START Exercise data

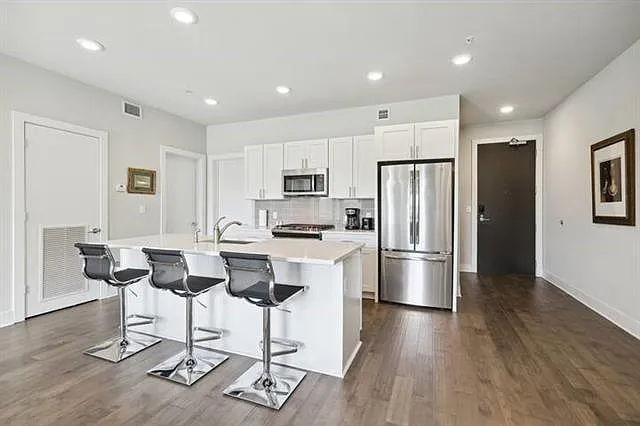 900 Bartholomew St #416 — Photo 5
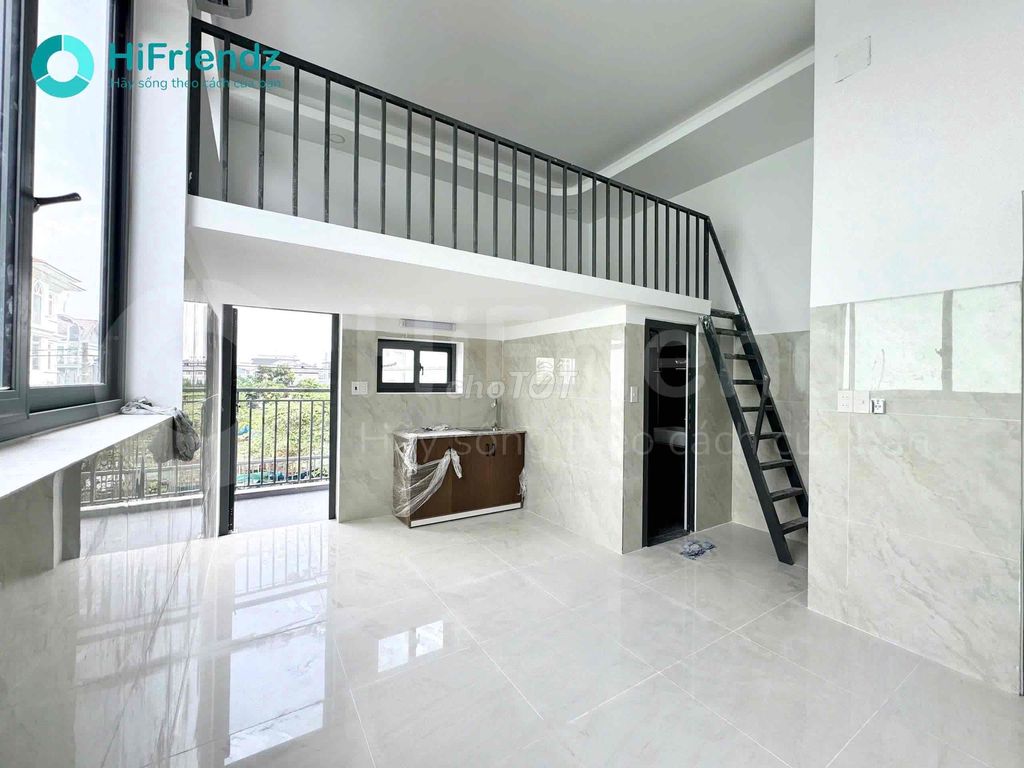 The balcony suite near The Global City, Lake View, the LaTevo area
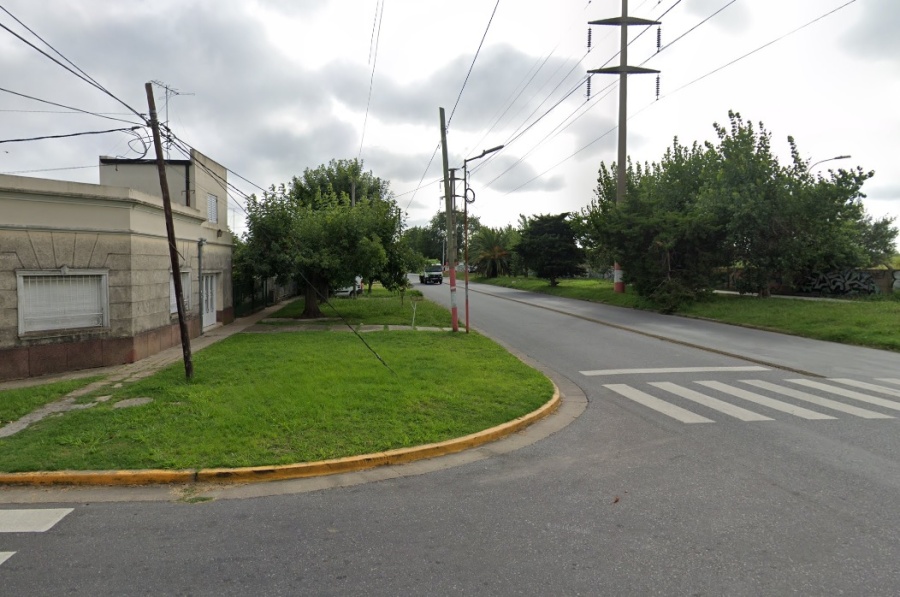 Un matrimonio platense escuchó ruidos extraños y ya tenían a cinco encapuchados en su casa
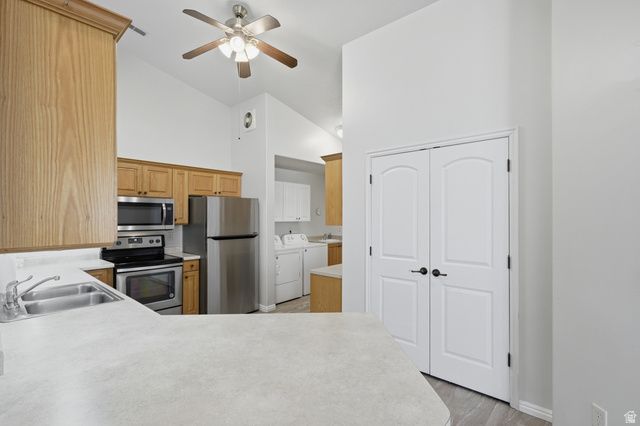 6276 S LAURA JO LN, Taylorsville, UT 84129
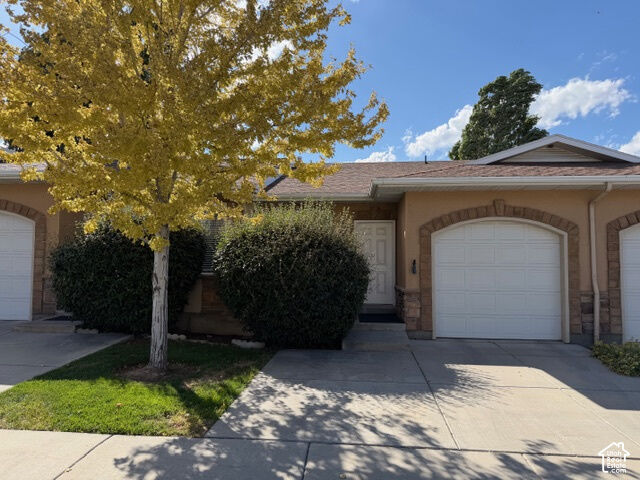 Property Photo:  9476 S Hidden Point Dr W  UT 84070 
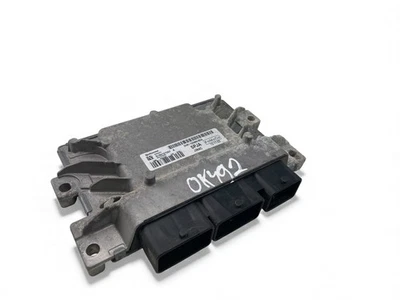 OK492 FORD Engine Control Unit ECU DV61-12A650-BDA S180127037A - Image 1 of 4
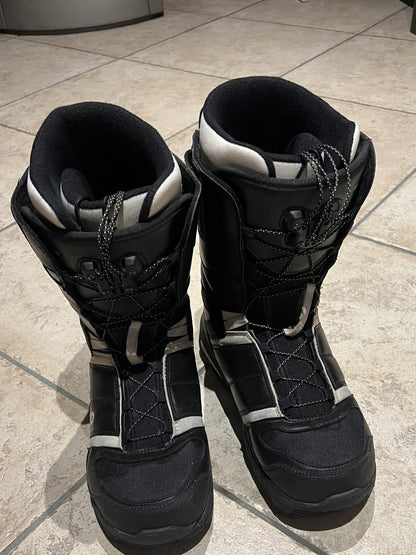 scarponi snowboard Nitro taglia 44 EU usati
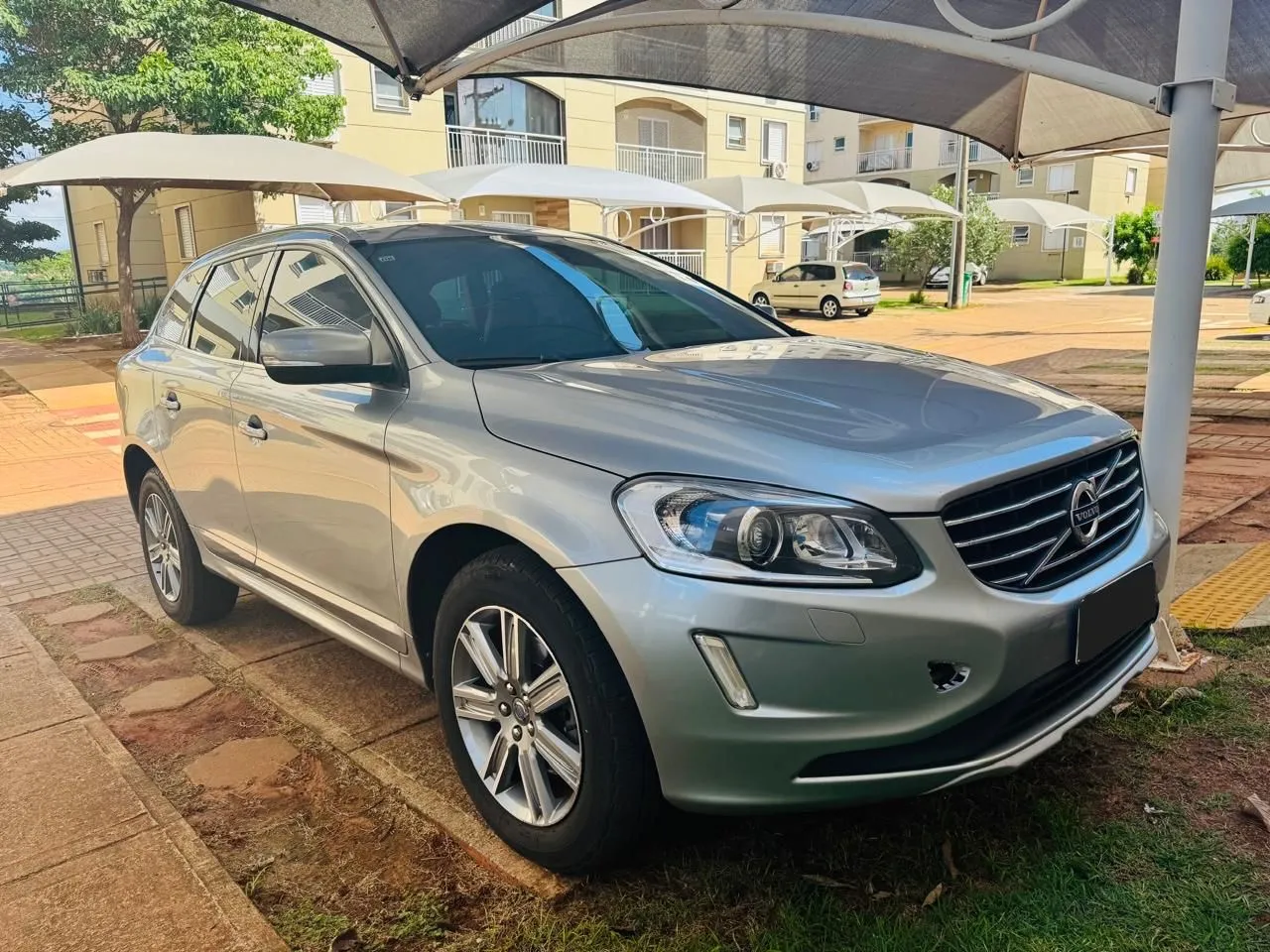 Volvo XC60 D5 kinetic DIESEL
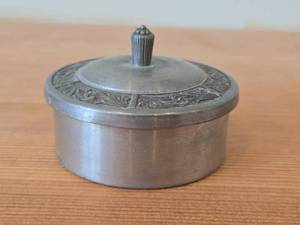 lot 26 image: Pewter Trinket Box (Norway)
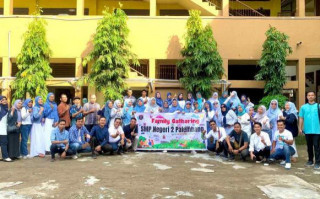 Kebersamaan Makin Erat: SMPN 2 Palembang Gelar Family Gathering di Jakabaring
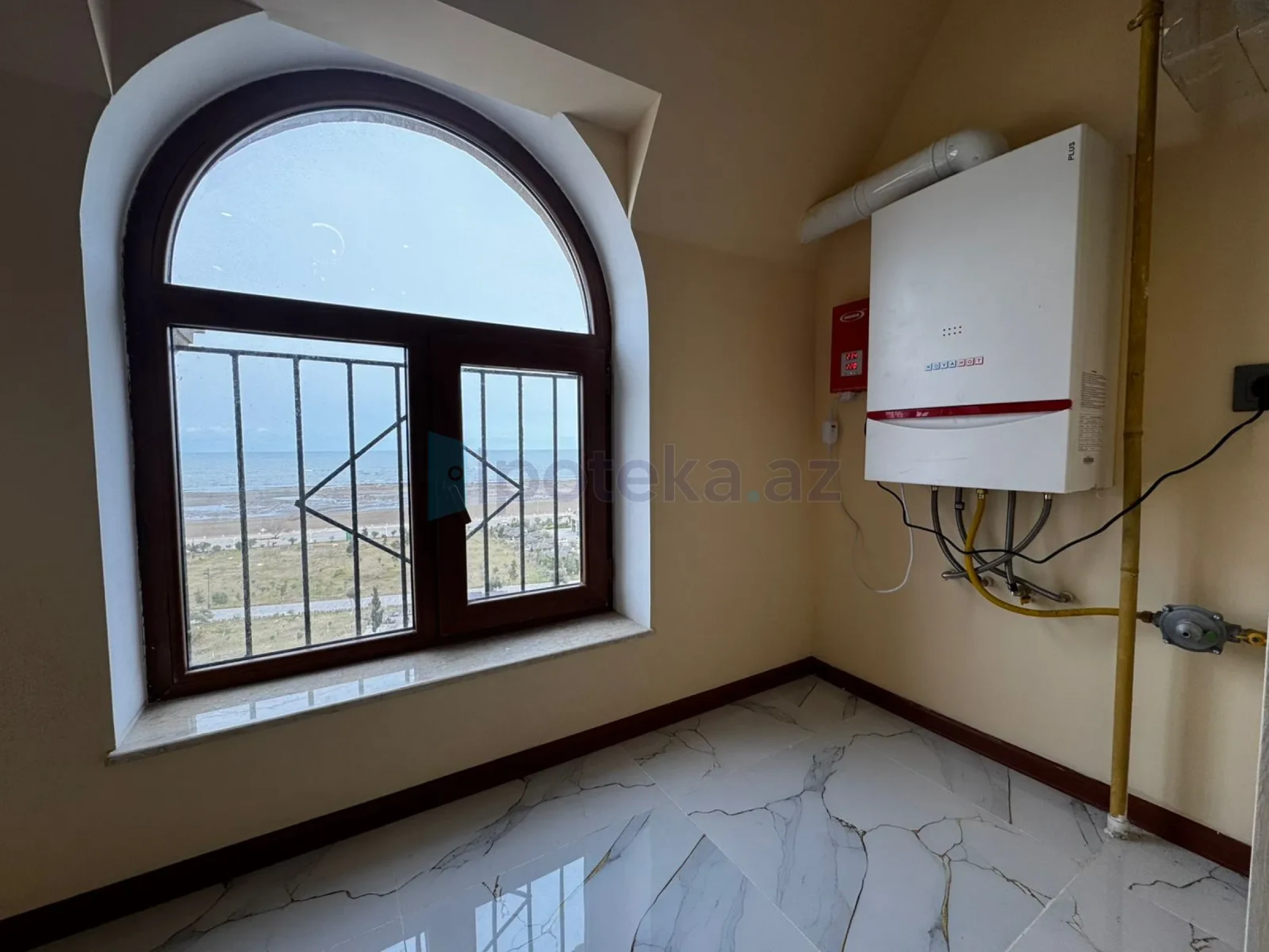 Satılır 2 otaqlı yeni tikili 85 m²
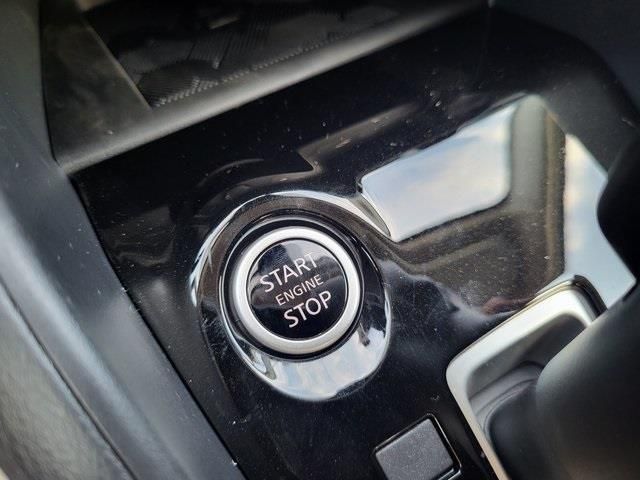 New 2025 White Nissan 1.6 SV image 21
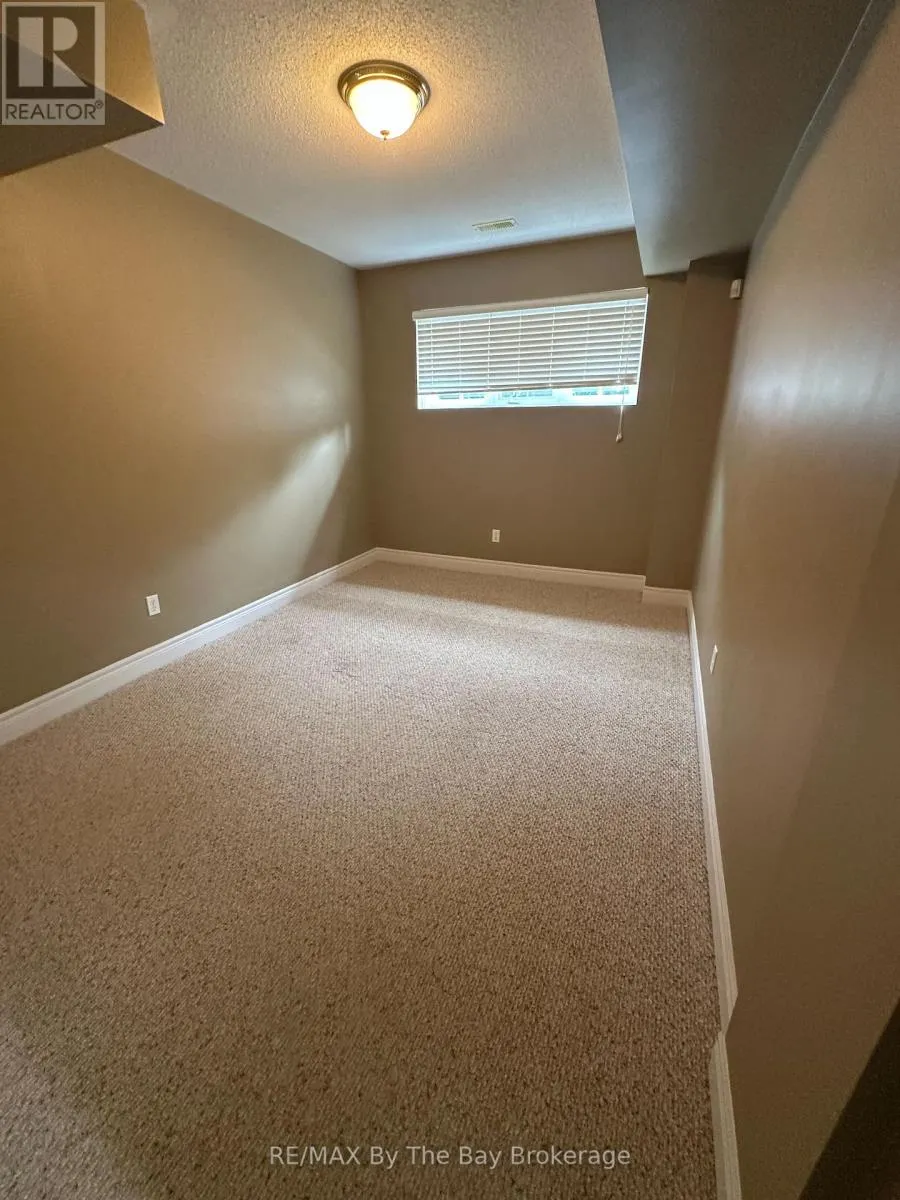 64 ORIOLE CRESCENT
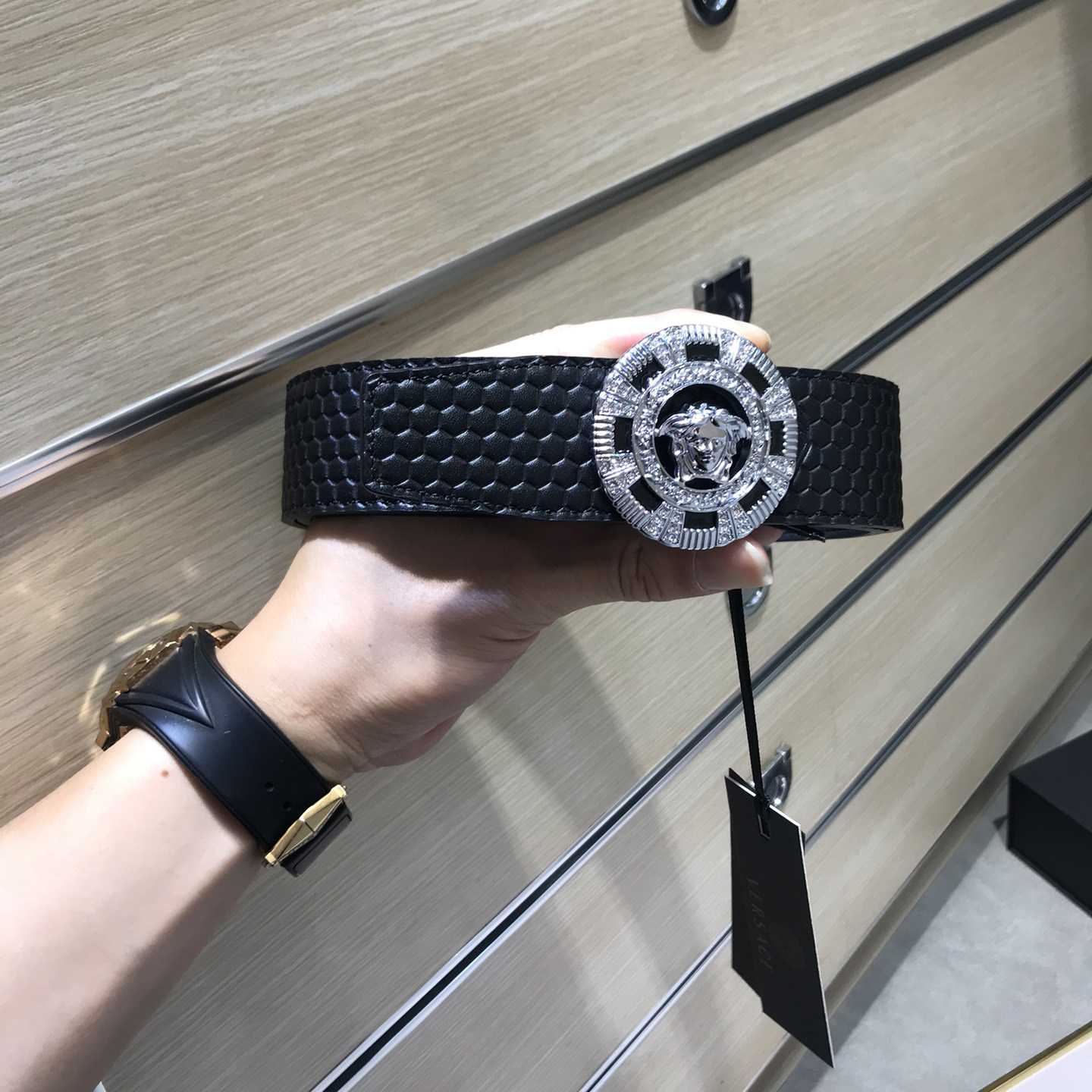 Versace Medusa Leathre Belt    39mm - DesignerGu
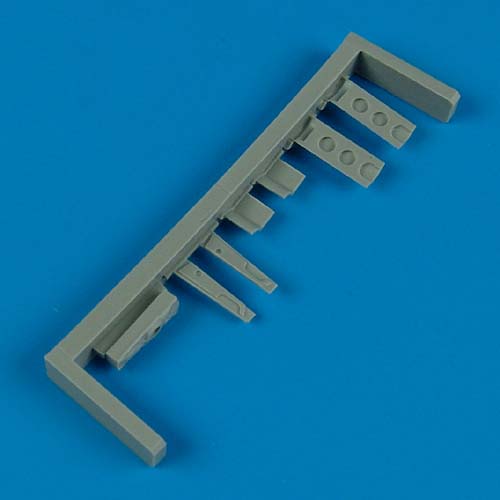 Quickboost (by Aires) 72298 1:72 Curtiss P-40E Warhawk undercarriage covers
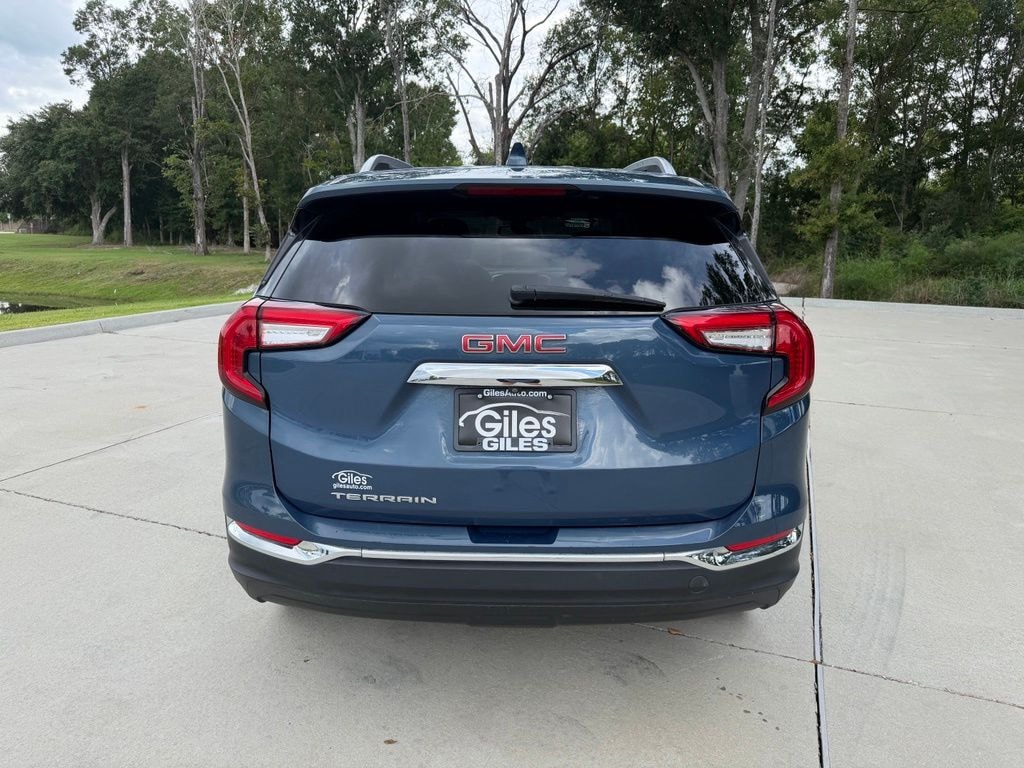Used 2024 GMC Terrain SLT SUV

END Exercise data

• **Activity**
Set the data above down again exactly as given, with no pictures.

• **Task answer**
 900 Bartholomew St #416 — Photo 5
 The balcony suite near The Global City, Lake View, the LaTevo area
 Un matrimonio platense escuchó ruidos extraños y ya tenían a cinco encapuchados en su casa
 6276 S LAURA JO LN, Taylorsville, UT 84129
 Property Photo:  9476 S Hidden Point Dr W  UT 84070 
 OK492 FORD Engine Control Unit ECU DV61-12A650-BDA S180127037A - Image 1 of 4
 scarponi snowboard Nitro taglia 44 EU usati
 Volvo XC60 D5 kinetic DIESEL
 lot 26 image: Pewter Trinket Box (Norway)
 Kebersamaan Makin Erat: SMPN 2 Palembang Gelar Family Gathering di Jakabaring
 Satılır 2 otaqlı yeni tikili 85 m²
 New 2025 White Nissan 1.6 SV image 21
 64 ORIOLE CRESCENT
 Versace Medusa Leathre Belt    39mm - DesignerGu
 Quickboost (by Aires) 72298 1:72 Curtiss P-40E Warhawk undercarriage covers
Used 2024 GMC Terrain SLT SUV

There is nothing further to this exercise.